Neurergus crocatus
- Conservation status: Vulnerable (IUCN 3.1)

Scientific classification
- Kingdom: Animalia
- Phylum: Chordata
- Class: Amphibia
- Order: Urodela
- Family: Salamandridae
- Genus: Neurergus
- Species: N. crocatus
- Binomial name: Neurergus crocatus Cope, 1862

= Neurergus crocatus =

- Genus: Neurergus
- Species: crocatus
- Authority: Cope, 1862
- Conservation status: VU

Species of salamander

Neurergus crocatus, the yellow-spotted newt, Kurdistan newt, Azerbaijan mountain newt, mountain newt, or Lake Urmia newt, is a species of salamander in the family Salamandridae.
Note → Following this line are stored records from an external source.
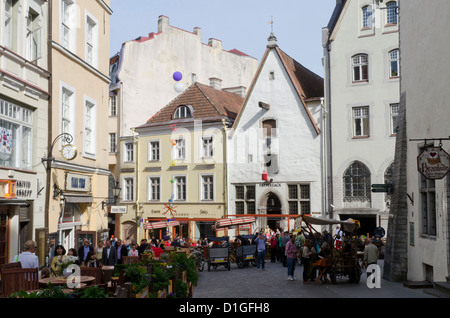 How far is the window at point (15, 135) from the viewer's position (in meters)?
15.5

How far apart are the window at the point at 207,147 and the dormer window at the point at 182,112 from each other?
246 cm

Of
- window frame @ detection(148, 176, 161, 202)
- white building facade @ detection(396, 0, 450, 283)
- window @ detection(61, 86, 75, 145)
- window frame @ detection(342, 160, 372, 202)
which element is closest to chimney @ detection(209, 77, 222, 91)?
window frame @ detection(148, 176, 161, 202)

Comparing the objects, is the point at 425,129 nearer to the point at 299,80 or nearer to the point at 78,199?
the point at 78,199

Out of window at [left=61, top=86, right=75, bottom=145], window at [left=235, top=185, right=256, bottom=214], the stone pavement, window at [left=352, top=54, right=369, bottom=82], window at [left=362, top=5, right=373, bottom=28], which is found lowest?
the stone pavement

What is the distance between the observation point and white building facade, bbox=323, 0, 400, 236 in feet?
112

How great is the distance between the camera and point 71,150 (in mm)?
18312

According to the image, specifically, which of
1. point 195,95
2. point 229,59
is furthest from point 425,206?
point 229,59

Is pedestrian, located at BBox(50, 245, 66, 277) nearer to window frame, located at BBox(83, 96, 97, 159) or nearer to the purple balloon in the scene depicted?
window frame, located at BBox(83, 96, 97, 159)

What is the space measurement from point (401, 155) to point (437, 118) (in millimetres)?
3826

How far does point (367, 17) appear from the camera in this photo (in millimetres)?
34906

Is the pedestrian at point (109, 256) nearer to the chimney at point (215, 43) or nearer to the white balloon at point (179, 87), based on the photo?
the white balloon at point (179, 87)

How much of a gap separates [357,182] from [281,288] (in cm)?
1825

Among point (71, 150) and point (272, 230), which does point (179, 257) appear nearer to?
point (71, 150)

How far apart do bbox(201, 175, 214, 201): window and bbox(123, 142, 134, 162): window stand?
6096 mm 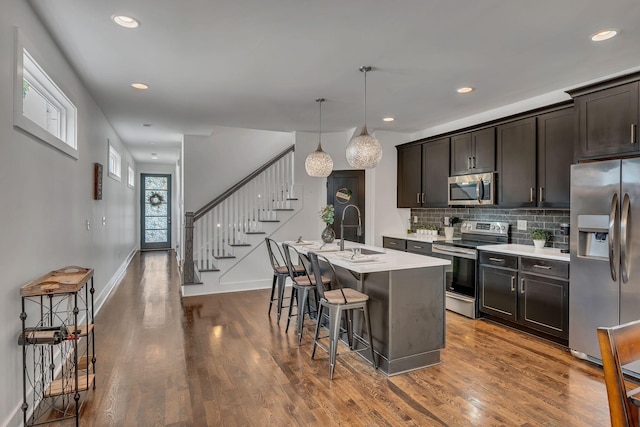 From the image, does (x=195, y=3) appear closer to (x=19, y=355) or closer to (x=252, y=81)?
(x=252, y=81)

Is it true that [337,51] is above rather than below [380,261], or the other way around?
above

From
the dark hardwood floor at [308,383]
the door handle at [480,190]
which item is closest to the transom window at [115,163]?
the dark hardwood floor at [308,383]

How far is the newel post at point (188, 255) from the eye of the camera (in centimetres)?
569

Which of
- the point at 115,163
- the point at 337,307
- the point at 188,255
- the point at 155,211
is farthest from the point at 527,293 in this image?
the point at 155,211

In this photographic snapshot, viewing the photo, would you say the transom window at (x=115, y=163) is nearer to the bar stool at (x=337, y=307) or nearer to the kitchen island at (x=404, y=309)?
the bar stool at (x=337, y=307)

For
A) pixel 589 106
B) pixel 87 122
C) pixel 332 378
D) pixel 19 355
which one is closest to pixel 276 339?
pixel 332 378

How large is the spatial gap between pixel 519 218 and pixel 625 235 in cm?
179

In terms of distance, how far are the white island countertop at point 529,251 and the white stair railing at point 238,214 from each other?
3529 mm

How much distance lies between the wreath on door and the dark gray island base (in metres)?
9.82

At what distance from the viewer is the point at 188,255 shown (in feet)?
18.7

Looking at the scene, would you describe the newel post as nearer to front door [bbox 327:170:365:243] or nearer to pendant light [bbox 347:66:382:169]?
front door [bbox 327:170:365:243]

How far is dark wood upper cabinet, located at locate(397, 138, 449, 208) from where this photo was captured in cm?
548

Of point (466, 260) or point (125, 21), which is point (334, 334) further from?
point (125, 21)

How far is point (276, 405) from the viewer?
8.28 feet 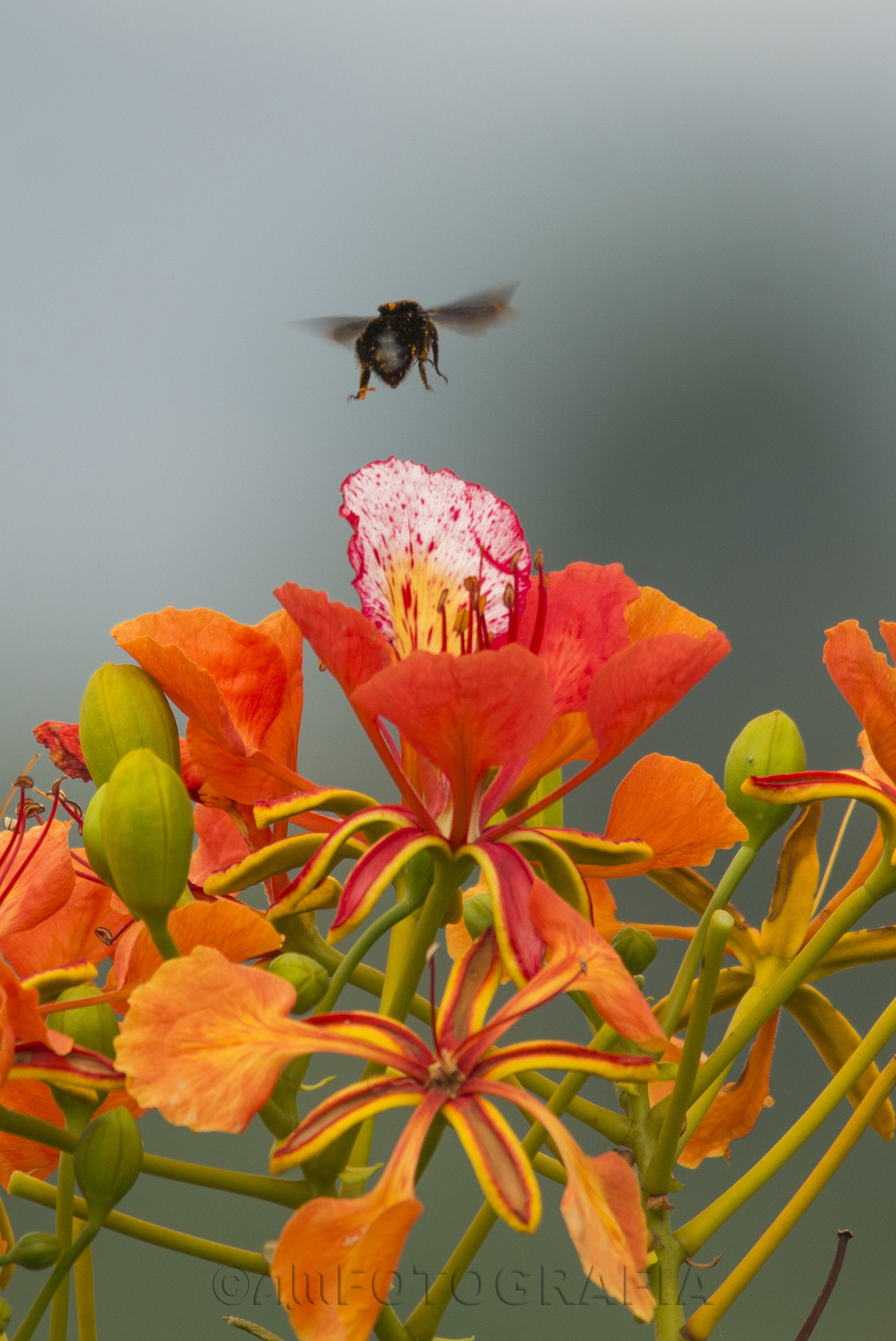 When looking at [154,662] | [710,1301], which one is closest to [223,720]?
[154,662]

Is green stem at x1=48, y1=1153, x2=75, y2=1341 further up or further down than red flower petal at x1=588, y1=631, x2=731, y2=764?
further down

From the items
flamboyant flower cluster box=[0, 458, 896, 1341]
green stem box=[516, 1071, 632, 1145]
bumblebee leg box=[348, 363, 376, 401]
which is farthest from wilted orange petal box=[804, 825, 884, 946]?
bumblebee leg box=[348, 363, 376, 401]

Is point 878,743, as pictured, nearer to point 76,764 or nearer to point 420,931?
point 420,931

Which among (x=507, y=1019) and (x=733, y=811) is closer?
(x=507, y=1019)

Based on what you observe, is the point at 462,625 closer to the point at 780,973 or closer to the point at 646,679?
the point at 646,679

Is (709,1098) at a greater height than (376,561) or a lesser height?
lesser

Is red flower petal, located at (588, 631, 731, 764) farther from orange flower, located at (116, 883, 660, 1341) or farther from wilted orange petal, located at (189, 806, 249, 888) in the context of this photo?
wilted orange petal, located at (189, 806, 249, 888) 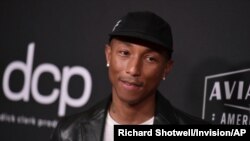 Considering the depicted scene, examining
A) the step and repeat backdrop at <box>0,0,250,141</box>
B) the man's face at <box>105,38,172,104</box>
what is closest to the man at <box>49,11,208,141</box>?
the man's face at <box>105,38,172,104</box>

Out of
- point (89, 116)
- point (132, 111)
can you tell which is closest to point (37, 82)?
point (89, 116)

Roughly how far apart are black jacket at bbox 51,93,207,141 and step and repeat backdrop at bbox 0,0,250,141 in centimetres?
34

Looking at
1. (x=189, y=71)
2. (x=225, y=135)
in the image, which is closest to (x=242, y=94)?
(x=189, y=71)

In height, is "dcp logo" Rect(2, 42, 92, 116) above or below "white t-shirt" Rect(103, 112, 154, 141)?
above

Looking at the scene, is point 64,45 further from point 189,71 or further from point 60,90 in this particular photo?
point 189,71

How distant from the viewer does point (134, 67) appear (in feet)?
3.51

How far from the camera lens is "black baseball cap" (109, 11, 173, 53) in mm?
1070

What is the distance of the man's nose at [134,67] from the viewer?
1068 mm

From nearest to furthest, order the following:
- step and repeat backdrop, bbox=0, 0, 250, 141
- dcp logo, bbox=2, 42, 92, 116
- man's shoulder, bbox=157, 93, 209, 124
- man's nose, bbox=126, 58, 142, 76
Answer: man's nose, bbox=126, 58, 142, 76 < man's shoulder, bbox=157, 93, 209, 124 < step and repeat backdrop, bbox=0, 0, 250, 141 < dcp logo, bbox=2, 42, 92, 116

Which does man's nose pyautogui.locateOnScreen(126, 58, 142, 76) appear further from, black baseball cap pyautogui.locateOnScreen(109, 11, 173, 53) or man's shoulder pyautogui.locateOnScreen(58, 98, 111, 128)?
man's shoulder pyautogui.locateOnScreen(58, 98, 111, 128)

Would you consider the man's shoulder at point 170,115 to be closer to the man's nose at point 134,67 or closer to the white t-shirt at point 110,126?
the white t-shirt at point 110,126

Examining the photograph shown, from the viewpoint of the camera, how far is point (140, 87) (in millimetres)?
1103

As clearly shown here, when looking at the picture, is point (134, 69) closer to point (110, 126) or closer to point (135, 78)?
point (135, 78)

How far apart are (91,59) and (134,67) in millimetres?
749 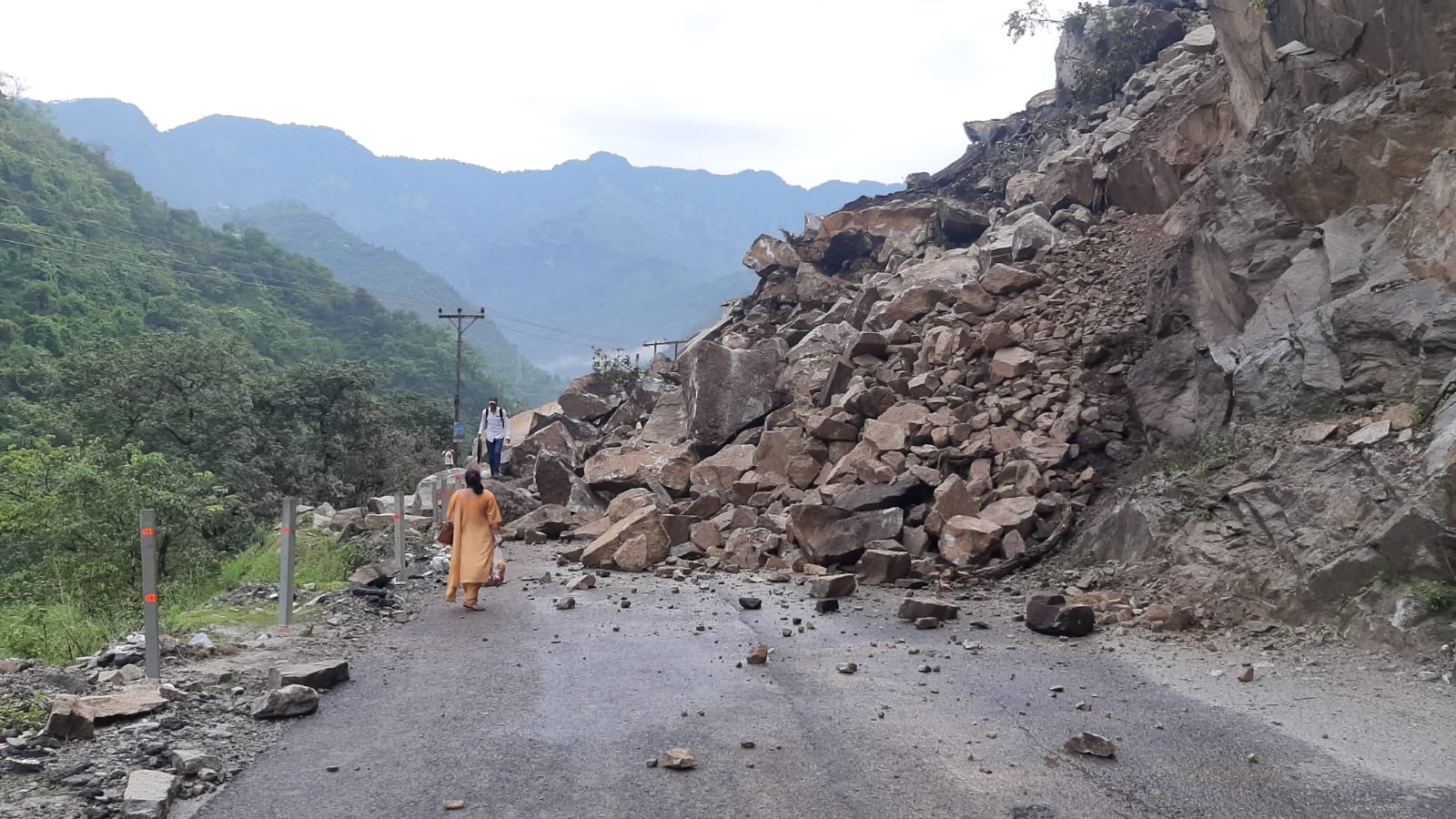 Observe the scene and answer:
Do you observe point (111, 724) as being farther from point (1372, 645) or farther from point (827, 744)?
point (1372, 645)

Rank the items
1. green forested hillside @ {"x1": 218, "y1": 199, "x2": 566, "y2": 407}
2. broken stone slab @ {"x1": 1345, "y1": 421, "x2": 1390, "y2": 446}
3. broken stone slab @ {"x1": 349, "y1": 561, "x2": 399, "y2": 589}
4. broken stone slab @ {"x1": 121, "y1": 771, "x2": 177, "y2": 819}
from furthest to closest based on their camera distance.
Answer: green forested hillside @ {"x1": 218, "y1": 199, "x2": 566, "y2": 407}, broken stone slab @ {"x1": 349, "y1": 561, "x2": 399, "y2": 589}, broken stone slab @ {"x1": 1345, "y1": 421, "x2": 1390, "y2": 446}, broken stone slab @ {"x1": 121, "y1": 771, "x2": 177, "y2": 819}

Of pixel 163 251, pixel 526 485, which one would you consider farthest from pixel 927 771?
pixel 163 251

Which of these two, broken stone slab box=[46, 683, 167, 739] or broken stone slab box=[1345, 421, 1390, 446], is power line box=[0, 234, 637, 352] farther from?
broken stone slab box=[1345, 421, 1390, 446]

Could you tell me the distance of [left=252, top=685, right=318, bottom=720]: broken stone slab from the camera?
5480 millimetres

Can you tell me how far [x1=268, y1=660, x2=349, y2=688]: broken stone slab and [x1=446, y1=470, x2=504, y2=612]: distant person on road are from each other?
123 inches

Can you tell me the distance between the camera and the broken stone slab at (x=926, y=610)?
852cm

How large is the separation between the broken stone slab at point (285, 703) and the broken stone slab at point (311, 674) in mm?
313

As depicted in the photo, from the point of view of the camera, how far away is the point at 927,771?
4609 mm

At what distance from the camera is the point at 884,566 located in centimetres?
1066

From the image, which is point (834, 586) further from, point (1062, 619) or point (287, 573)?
point (287, 573)

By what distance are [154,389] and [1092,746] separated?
2848cm

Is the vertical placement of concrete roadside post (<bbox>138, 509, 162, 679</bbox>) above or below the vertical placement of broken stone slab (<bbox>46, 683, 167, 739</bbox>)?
above

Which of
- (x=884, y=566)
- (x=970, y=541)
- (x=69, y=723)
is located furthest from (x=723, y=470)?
(x=69, y=723)

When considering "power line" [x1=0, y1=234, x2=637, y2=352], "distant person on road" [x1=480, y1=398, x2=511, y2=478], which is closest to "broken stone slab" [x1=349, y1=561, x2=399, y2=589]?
"distant person on road" [x1=480, y1=398, x2=511, y2=478] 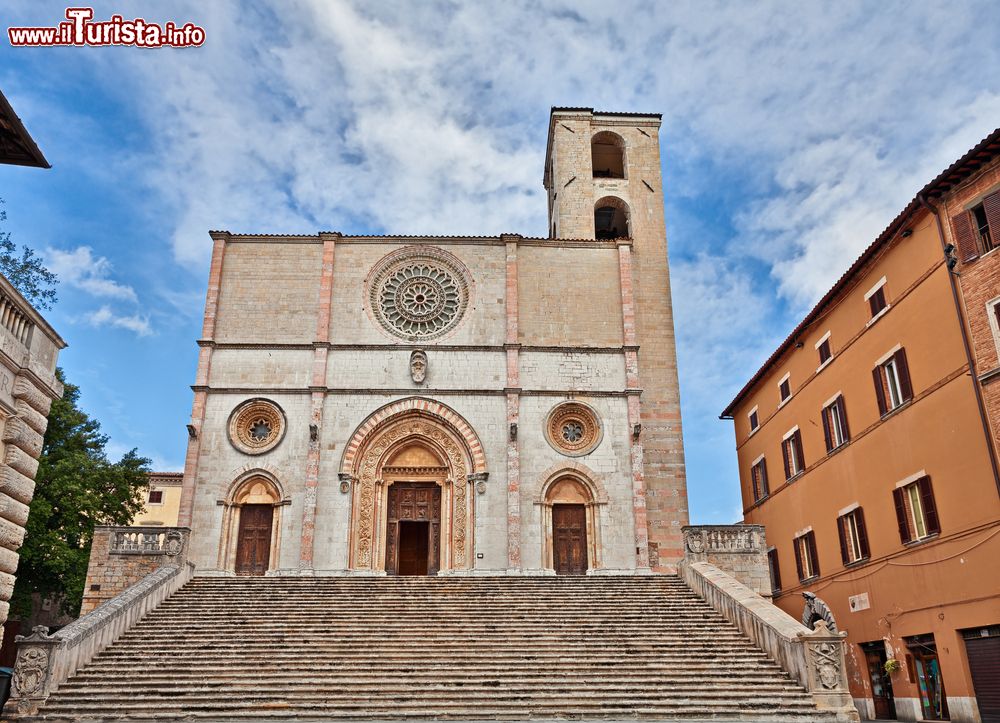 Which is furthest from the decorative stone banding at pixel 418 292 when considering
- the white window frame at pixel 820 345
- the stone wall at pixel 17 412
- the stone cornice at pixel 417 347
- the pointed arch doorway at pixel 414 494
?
the stone wall at pixel 17 412

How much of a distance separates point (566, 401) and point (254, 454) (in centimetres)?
938

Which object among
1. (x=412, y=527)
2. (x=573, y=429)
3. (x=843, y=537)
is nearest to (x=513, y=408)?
(x=573, y=429)

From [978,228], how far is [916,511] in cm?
630

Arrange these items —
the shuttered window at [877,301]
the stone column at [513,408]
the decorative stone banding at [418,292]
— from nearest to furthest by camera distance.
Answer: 1. the shuttered window at [877,301]
2. the stone column at [513,408]
3. the decorative stone banding at [418,292]

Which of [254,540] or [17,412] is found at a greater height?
[254,540]

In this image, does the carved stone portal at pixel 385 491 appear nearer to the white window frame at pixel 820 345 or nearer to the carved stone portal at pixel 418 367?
the carved stone portal at pixel 418 367

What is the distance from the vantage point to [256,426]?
24.2 m

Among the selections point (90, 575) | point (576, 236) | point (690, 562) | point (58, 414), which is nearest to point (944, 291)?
point (690, 562)

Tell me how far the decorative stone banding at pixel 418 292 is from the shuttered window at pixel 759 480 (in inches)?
488

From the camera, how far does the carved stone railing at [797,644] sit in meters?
13.1

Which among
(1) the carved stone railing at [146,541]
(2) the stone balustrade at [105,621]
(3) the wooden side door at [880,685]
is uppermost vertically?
(1) the carved stone railing at [146,541]

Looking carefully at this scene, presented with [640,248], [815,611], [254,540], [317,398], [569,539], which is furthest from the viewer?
[640,248]

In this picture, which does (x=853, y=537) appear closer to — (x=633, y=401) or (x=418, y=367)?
(x=633, y=401)

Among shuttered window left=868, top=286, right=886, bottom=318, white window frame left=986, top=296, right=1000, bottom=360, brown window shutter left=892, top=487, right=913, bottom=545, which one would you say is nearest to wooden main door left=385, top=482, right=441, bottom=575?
brown window shutter left=892, top=487, right=913, bottom=545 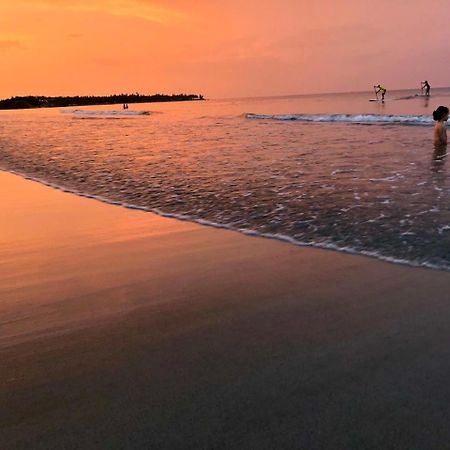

It occurs in the mountains west of Lake Urmia, in northwestern Iran, northeastern Iraq, and southeastern Turkey. (Note: Despite its vernacular names, this species does not occur in the Republic of Azerbaijan. Instead, "Azerbaijan" here refers to the Azerbaijan region of Iran.)

==Description==
Neurergus crocatus grow to about 16–18 cm in total length; the tail is longer than the body (i.e., tail length>snout–vent length). The head is flattened and longer than it is wide. The snout is rounded. The body is slender and almost round, without a dorsal ridge. The tail is rounded at the base and laterally compressed towards its tip. The tail has moderately developed dorsal and ventral fins. The limbs are well-developed; the digits are thick and flat. Colouration is dorsally dark brown to black with yellow, rounded but somewhat irregular blotches; these continue on the tail. The ventral surfaces are orange-red in males and yellowish in females. They can live for between 12-15 years in captivity, and usually reach sexual maturity in four years.

==Habitat and conservation==
Neurergus crocatus breed in montane streams at elevations of 1500–2000 m above sea level; after the breeding season, adults disperse to the surrounding areas, but their specific microhabitats are unknown. This species is probably threatened by habitat loss, caused by for example new dams.